Before the cops and the lawyers, they swiped right.
In 2021, a Twin Cities man and woman matched on Tinder and fell into a months-long romance. Last week, they arrived in Hennepin County District Court for a civil trial that asked a seven-member jury to consider several competing claims for damages around two main questions: Did the woman knowingly transmit herpes to her partner and did the man defame her by publicly spreading accusations that she was infected and a sexual predator.
The Star Tribune is not naming the two parties due to the sensitivity of medical information shared at trial.
This case was the latest example of how intimate relationships can intersect with the courts. Jill Hasday, a University of Minnesota professor, studied this phenomenon extensively for her book, “Intimate Lies and the Law.”
“In general, the law denies remedies for intimate deception, even though intimate deception can inflict enormous, even life-changing injuries,” Hasday said. She said these cases often involve an extreme depth of feeling over being wronged.
“Their worries about having a sufficient legal remedy sometimes lead them to take the law into their own hands, which is a mistake,” she said, adding that “for better or worse” nothing surprises her anymore about deception between intimate partners.
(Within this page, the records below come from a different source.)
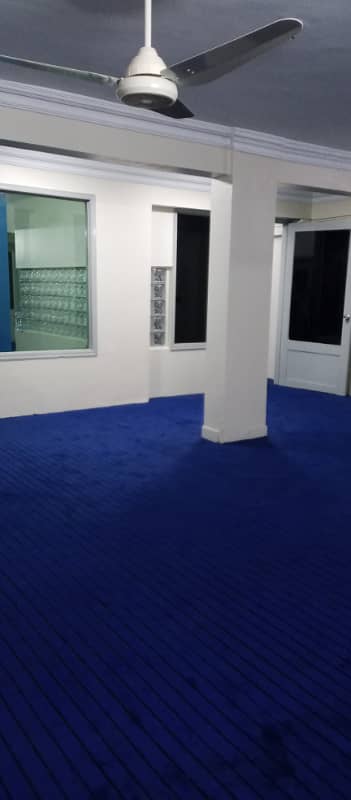 Commercial mezzanine main 150 ft road facing, Block-1 Gulshan e iqbal.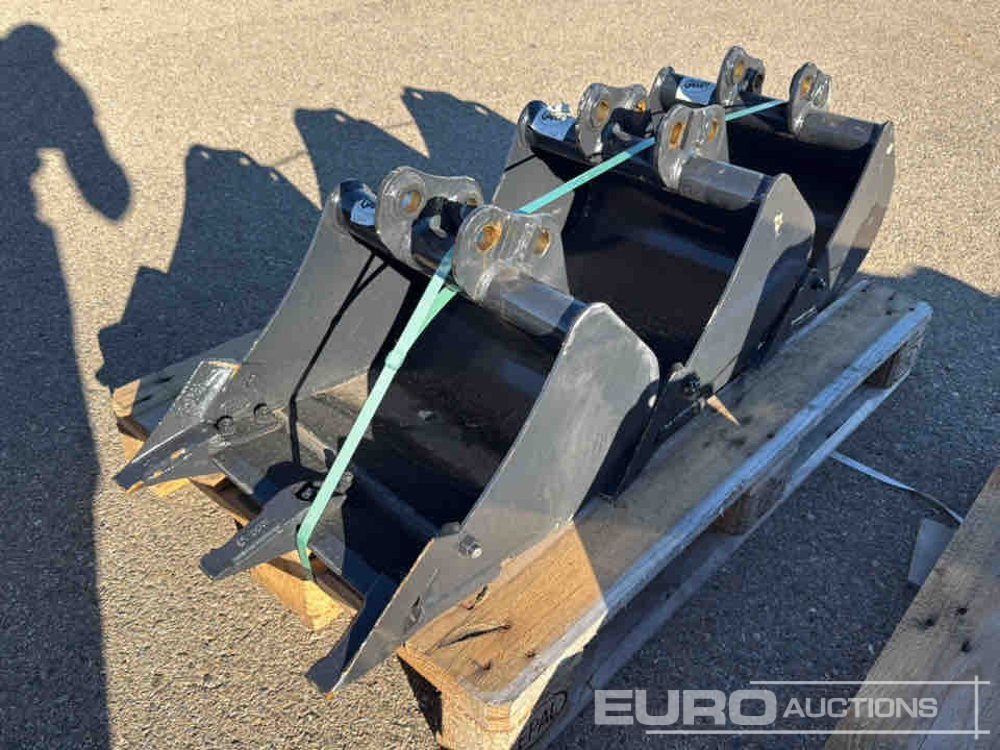 Yanmar Digging Bucket GGT120BA40450T to suit 1.5-2 Ton Excavator (S/Ns 1106279, 1106284, 1106290) (3 of) - Kanál: 1 kép. Yanmar Digging Bucket GGT120BA40450T to suit 1.5-2 Ton Excavator (S/Ns 1106279, 1106284, 1106290) (3 of) - Kanál: 1 kép.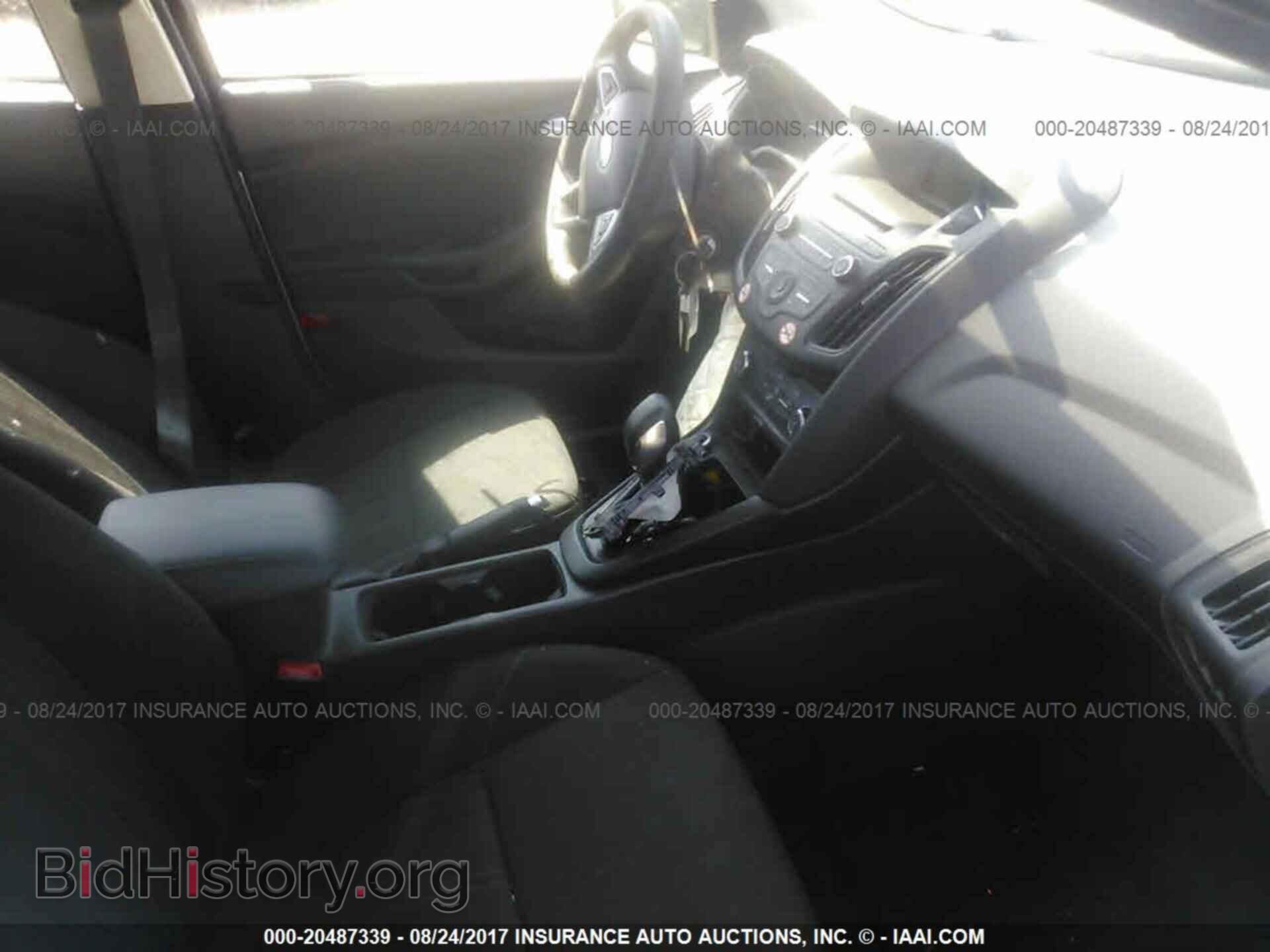 2017 Ford Focus - VIN: 1FADP3K22HL232970 - Photo 5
Aaron Ponce, the attorney who represented the man in this case, said at closing arguments that his client trusted his partner and “ended up with a sexually transmitted infection that has no cure, that will be with him forever.” Michael Kemp, the attorney for the woman, said the case was about fragility. His client was fragile like glass, the man she dated was different.
“He was fragile, like a bomb,” Kemp said. “He blew up her life.”